The sports played competitively in Killeedy are hurling, camogie, Gaelic football and soccer. The local GAA club is Killeedy GAA. The club is heavily concentrated on the game of hurling and camogie with a little Gaelic football also being played. They play in blue and white and their ground is called Páirc Íde Naofa and is located in Raheenagh village. The club has successfully hosted the Munster, Leinster and All-Ireland Junior B Club Hurling Series since 2005.

The Killeedy club has won numerous west and county championships over the years but the pinnacle of their success came in 1980 when they won the County Senior Hurling Championship beating Patrickswell in the final. The following year, Killeedy man Paudie Fitzmaurice (one of the Killeedy Fitzmaurice brothers, along with his brother Willie Fitzmaurice) captained GAA to win the Munster Senior Hurling Championship. Another Killeedy man, Donie Flynn, was joint manager of the Limerick senior hurlers from 1988 to 1991. Killeedy currently compete at the Junior A grade in Limerick.

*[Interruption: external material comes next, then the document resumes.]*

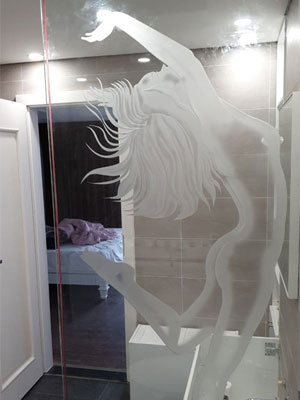  Thi công vách kính tắm phun cát thiếu nữ cho phòng ngủ master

Saint Ita's AFC are the local soccer club in Killeedy and were founded in 1990, Their pitch is located in Ashford village and they play in blue and white. The junior team competes in the Limerick Desmond League Premier Division. St. Ita's joined at underage level for two seasons with neighboring club Feenagh AFC and went under the moniker of Bluebell United. St. Ita's greatest achievement thus far was their All-Ireland Women's Junior Cup victory in 2006 making them the first Limerick Desmond League side to achieve this. In that same year, their women's team also won the Division 1 title in a playoff against Ballingarry A.F.C. and competed in the first ever Women's Desmond Cup final in which they lost out on penalties to Ballingarry. Their Junior team have had good success also with one of their finest achievements being them reaching the Quarter Final of the Munster Junior Cup in the 2005/06 season where they were beaten by Clonmel Town who would go on to win the competition. As well as this they have won back to back Richard Hogan cups, the Division 2 and Division 3 league titles and the Division 2 league cup. The Junior team made history in the 23/24 season of the Desmond league, when the won promotion to the premier division as runners up of Division 1 for first time in the clubs history.

== Landmarks and history ==
- Field Marshal Count Peter Lacy (Peadar Piarais Éamonn de Lása) was born in Killeedy in 1678. After fighting at the Siege of Limerick in 1691, he emigrated first to France with the Wild Geese, then to the Holy Roman Empire, and finally to Russia under Tsar Peter the Great. There, he became a Field Marshal in the Imperial Russian Army and served as governor of Livonia. His son Franz Moritz (Francis Maurice) von Lacy was a Field Marshal in Austrian service.

- Tadhg Gaelach Ó Súilleabháin (c. 1715 – 1795), a highly important composer of Christian poetry and Irish bardic poetry in Munster Irish, was also a native of Killeedy.

- In 1916, Thomas Shaughnessy was created the 1st Baron Shaughnessy of the City of Montreal in the Dominion of Canada and of Ashford (in Killeedy) in the County of Limerick. His father Tom Shaughnessy, who was a policeman and detective in Milwaukee, Wisconsin was a native of Ashford in Killeedy.

- Notable historic landmarks in Killeedy include St. Ita's Monastery and Cemetery, Killeedy Castle, the Mass Rock, Glenduff Castle, Glenquin Castle, Lough O'Ge and Ballagh Post Office.